Writer/director Felix Chong hit the big time when he wrote Infernal Affairs. Twenty years later here he is, repaying Scorcese's cloning of his masterwork by cloning Scorcese's The Wolf of Wall Street with the two leads of his earlier hit. Over a few sittings.
Tony Leung leads as an engineer turned property speculator in late 1970s to mid 1990s Hong Kong. He falls into a pot of money and becomes more crooked as time goes on, staying ahead of the law and keeping them away from his shady backers while attracting a bunch of amoral operators who love money. Andy Lau heads an ICAC taskforce that spends a decade or more trying to fry Leung. Things move dutifully from set piece to set piece with little to no explanation of anything. I found it difficult to follow the financial shenanigans. Much is made of sticking it to the Brits who (confusingly) do not seem particularly unhappy about it. There's a massive loss of momentum once we get to the courtroom scenes.
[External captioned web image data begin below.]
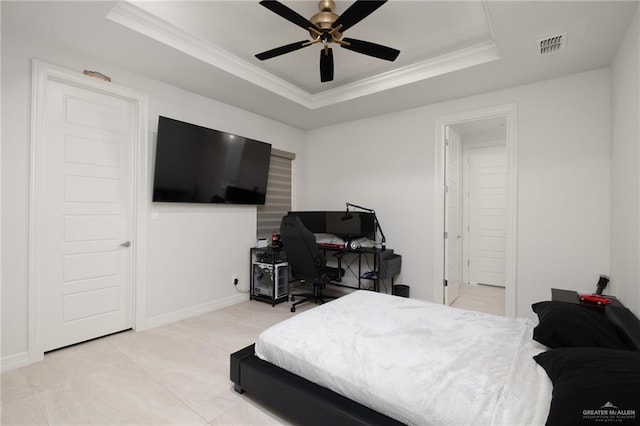 4552 Estancia Pkwy, Mcallen, TX 78504 - bedroom with a raised ceiling, crown molding, a ceiling fan, and an office area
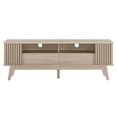 thumbnail image 4 of Media TV Stand Console Table, Brown Oak, Wood, Mid Century Living Room Lounge Cafe Lobby, Modern Contemporary HB34653, 4 of 12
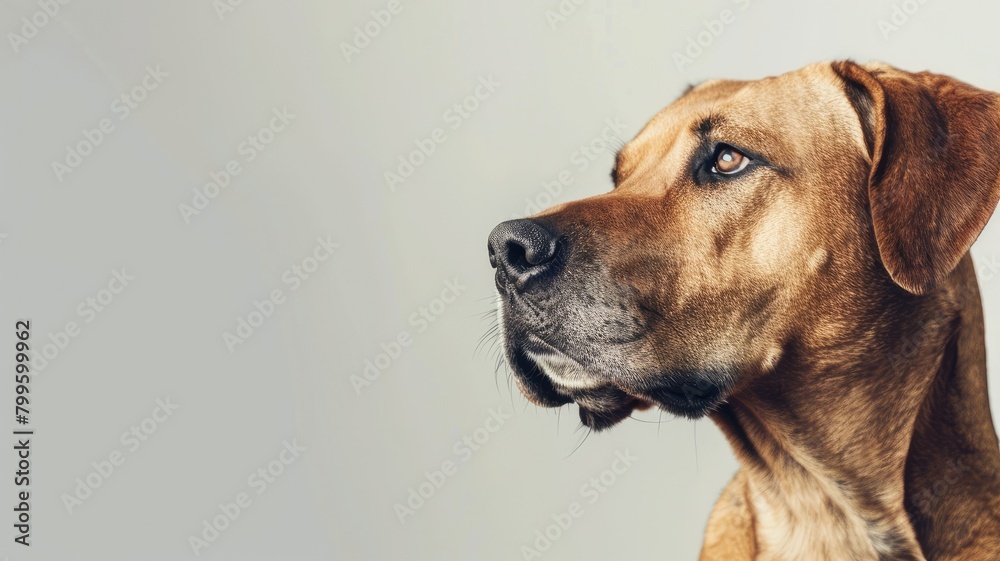 Profile of focused brown dog with short coat against gray background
Leung has almost no lines (just punchlines) and spends most of his time pulling a variety of faces, most of which are variants of smirks. Andy Lau is mostly inert and is saddled with too many completely thankless cliched scenes with the wife and children. Anthony Pun's fancy cinematography is all smooth surfaces and soulless CGI.
Two stars of five from Wendy Ide. Cath Clarke: also Goodfellas. Two stars of four from Peter Sobczynski at Roger Ebert's website: also Goodfellas. (The smooth editing got me thinking of Casino.) Incidents don't amount to a story.